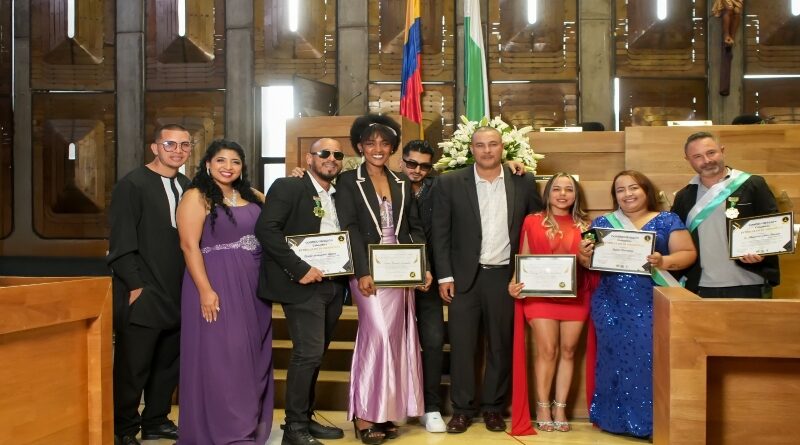 Emerging Awards Rinde Homenaje a Líderes Colombianos en Edición Especial: “Condecoración Colombia: Estrella de la Grandeza”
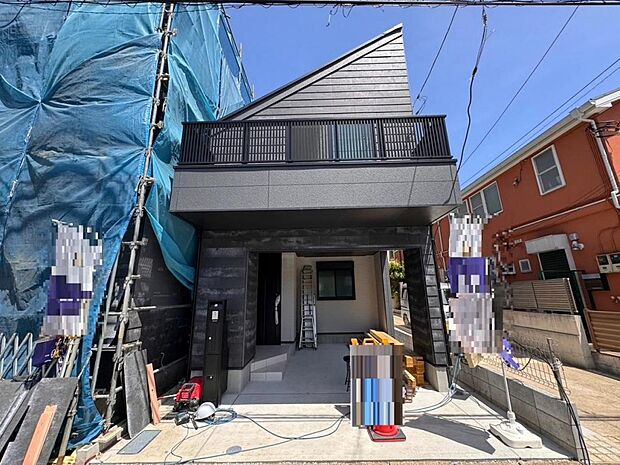 西武新宿線『沼袋』駅徒歩7分の建売なのに建売を感じさせないハイグレードな造りの新邸宅。家族が安心して長く暮らせる家、癒しを与え続けてくれるお住まいをこの機会に是非ご覧下さいませ。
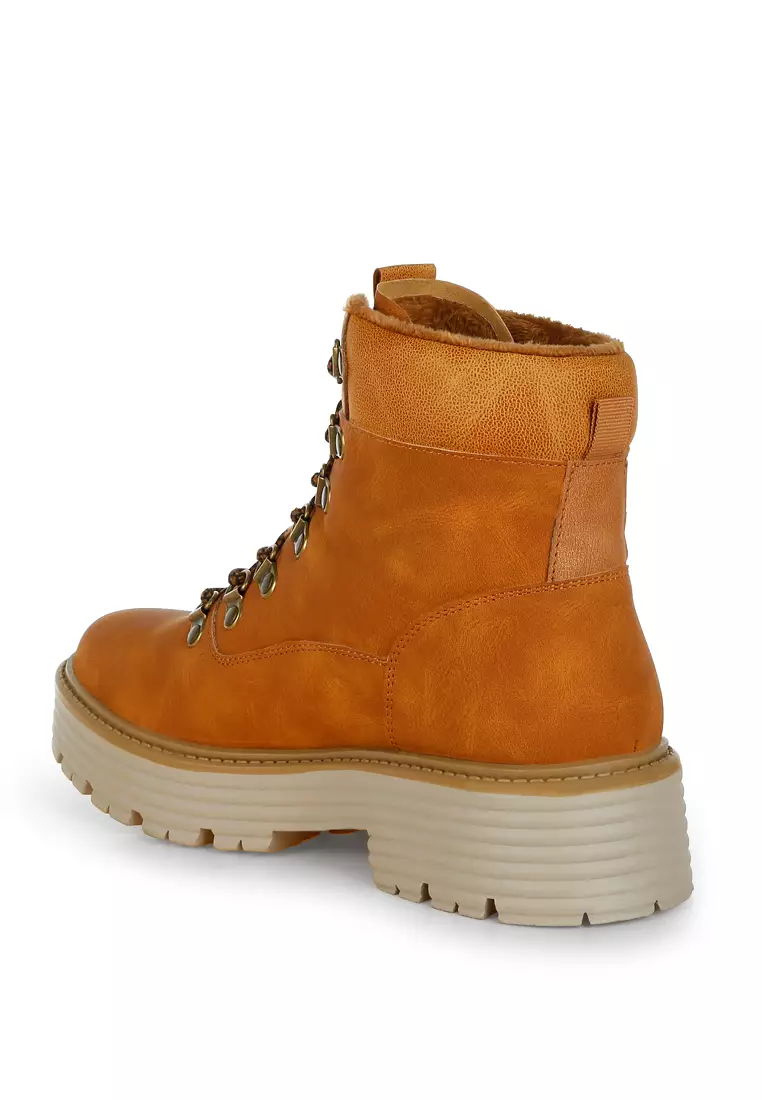 Lace-Up Chunky Warm Ankle Boots in Tan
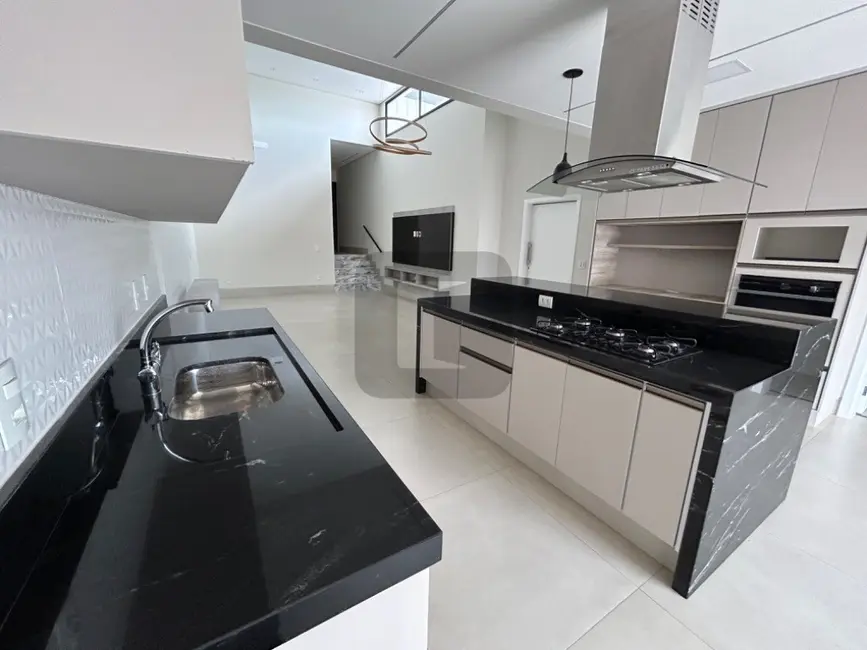 Foto 6 de Casa de Condomínio com 3 quartos à venda, 190m2 em Roncáglia, Valinhos - SP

ASSIGNMENT. Pictures are to be left out, and each line from the one that contains "Lace-Up Chunky Warm Ankle Boots in Tan" through the end of the listing is to be copied exactly.

THE ANSWER.
 Lace-Up Chunky Warm Ankle Boots in Tan
 Foto 6 de Casa de Condomínio com 3 quartos à venda, 190m2 em Roncáglia, Valinhos - SP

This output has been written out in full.